In modern graphics applications (=games) people do try to reduce CPU-GPU communication, but it is still done a lot and is frequently a bottleneck. Increasing GPGPU work means CPU and GPU code communicate in both directions. Making it slower than it already is doesn't make sense from performance engineering POV unless there are some dramatic advantages from the tradeoff.
> Increasing GPGPU work means CPU and GPU code communicate in both directions.
Only if you make the wrong abstractions. Using a shader based toolkit is not about increasing the GPGPU work but to use the GPU for things that it is intended to do namely drawing. And if you make the right abstractions you can severely reduce CPU-GPU communications. In fact a toolkit is exactly the perfect type of abstraction in that scenario. Most of the input is mouse and keyboard data and a bunch of drawing commands which means extremely low bandwidth, less CPU-GPU communication, more performance and faster applications.
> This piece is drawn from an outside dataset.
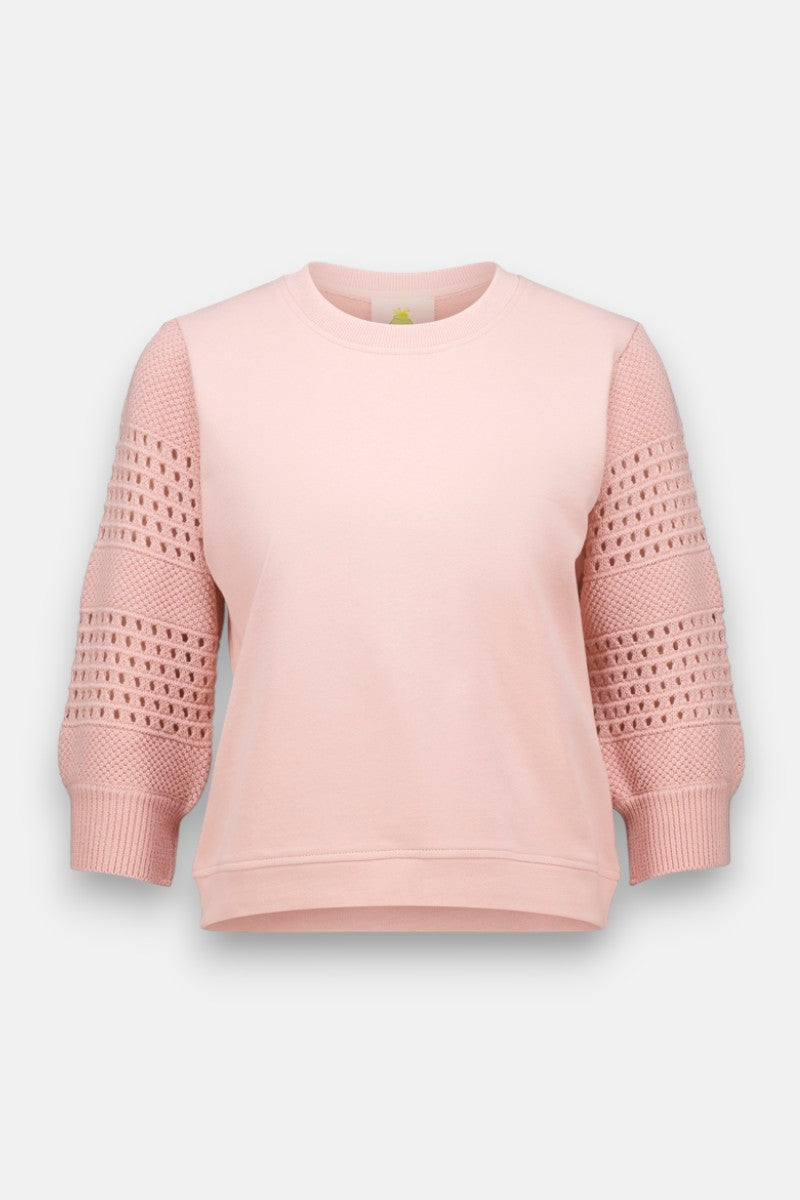 Hellrosa Baumwolle-Sweatshirt von Princess Goes Hollywood mit Rundhalsausschnitt, langen Ärmeln mit breiten Lochstickerei-Einsätzen und einem lockeren, leicht angeschnittenen festen Strickkörper und Bündchen.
I'm not sure what you mean by "tradeoff". Look for example at the shaders of sahdertoy. For the most part the only data they receive from the CPU is a timestamp of the current frame and occasionally mouse and keyboard data which is in the worst case literally just a bunch of bytes per frame.
Shadertoy is pretty far removed from actual games. Both in tje problem domain and technological complexity, not to mention the time capsule of webgl.
I'm not sure what you mean by shader based toolkit. Anyway in games the GPU is not just for graphics anymore (since many years) and this naturally leads to tight coupling.